QuickTopic free message boards logo
Skip to Messages


Robust Real Time Object Detection

Junwen WU
02:06 PM ET (US)
Has anyone tried to use the features they are using in other objects detection problem? I remember in poggio's work about using the Harr wavelet, the reason is also that the face images have a relatively stable intensity contrast, for example, the cheek will be brighter than the nose etc. I don't think other objects have such stable feature. So I'm wondering if the rectangle features can still work well when dealing with other objects.
Dave KauchakPerson was signed in when posted
12:48 PM ET (US)
I also was a bit annoyed about the reference [2] thing. I think the paper they refer to is Tieu and Viola (2000), Boosting Image Retrieval. I'm not exactly sure why they don' explicitly site it. Tieu also has a masters thesis on this stuff (Boosting Sparse Representations for Image Retreival, 2000), which is another option.
Markus Herrgard
12:37 PM ET (US)
As far as I can see the major difference in this implementation of AdaBoost compared to the standard ones is that instead of training the same classifier on each training round (with differently weighted data) the Viola & Jones version trains an individual classifier for each feature and then selects the one with the smallest error (with respect to the weight distribution). I'm wondering whether this modification changes in any way the theoretical performance guarantees presented in the AdaBoost papers we read earlier. On second though, it probably doesn't since the weak classifier in AdaBoost can be any non-random classifier including the really weak single feature based classifier used here. A second comment is on redundancy in the feature calculations. Since the actual test images are scanned by moving a window one pixel a time it would seem like there is a lot of overlap in calculating the integral image features. Is this true and would there be a way to speed up the calculation even further by storing some of the features calculated in the previous window.

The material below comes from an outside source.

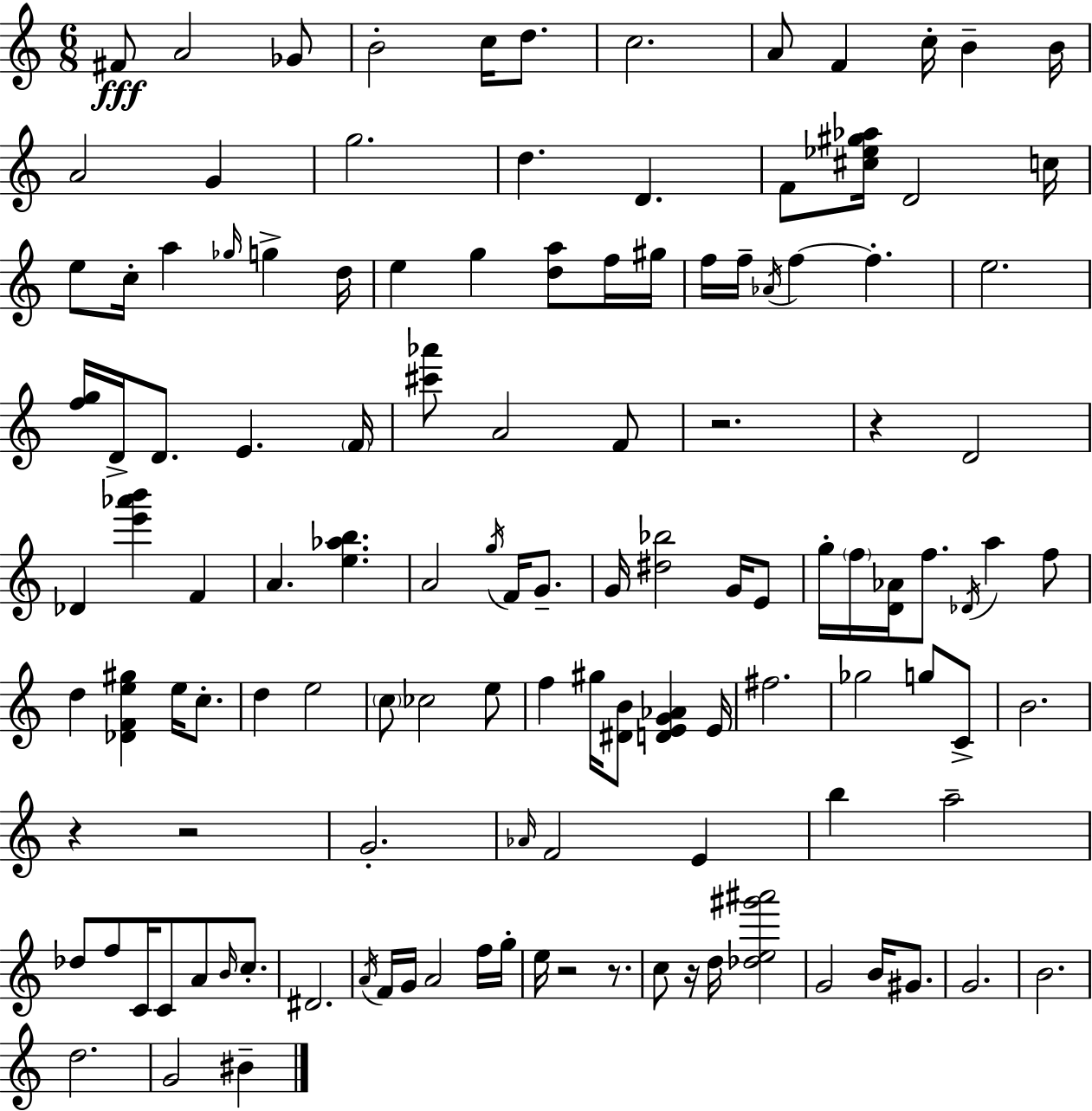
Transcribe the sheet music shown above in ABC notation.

So much for semi-intelligent comments and on to ranting about the paper. Because there was quite a bit of stuff included in the paper I had a really hard time in putting together how the whole classifier (with the cascades and all) would actually work. The authors didn't seem to make much effort in trying to make it easy for other people to implement their method (good work Ian!). Also, what's up with reference [2] in the paper. And as a final comment judging from Fig. 10 in the paper a much easier task for object recognition would be recognizing soccer balls from cluttered images. I'm not so sure of the commercial potential of a rapid soccer ball detector though ...
Edited 10-25-2001 12:39 PM
Joe Drish
08:06 AM ET (US)
I thought the simple modification to AdaBoost in order to select a small number of essential features was clever, as was cascading. Even though simplicity of explanation is en vogue these days, I thought they could have taken more time to elaborate upon precisely how much faster features were being evaluated. Overall the paper was well organized; the authors structured the paper well in line with their three contributions, which they thankfully reiterated several times.
Edited 10-25-2001 08:06 AM
Hsin-Hao Yu
06:57 AM ET (US)
In this paper, cascading works as follow: if a less-powerful classifier says a patch is not a face, it is almost certainly not a face. However if it says it is a face, it could be a false positive. A more powerful classifier need to be used. Can you train the network to do the opposite? Train a first-stage classifier to have low false-positive, but if it says a patch is not a face, pass it on to higher classifier to decide if it is a false-negative? Seems to be ok for me, but maybe I am mising something. Is this a dumb question? --- wait! Ok it's a dumb question, after reading Ian's comment. Doh!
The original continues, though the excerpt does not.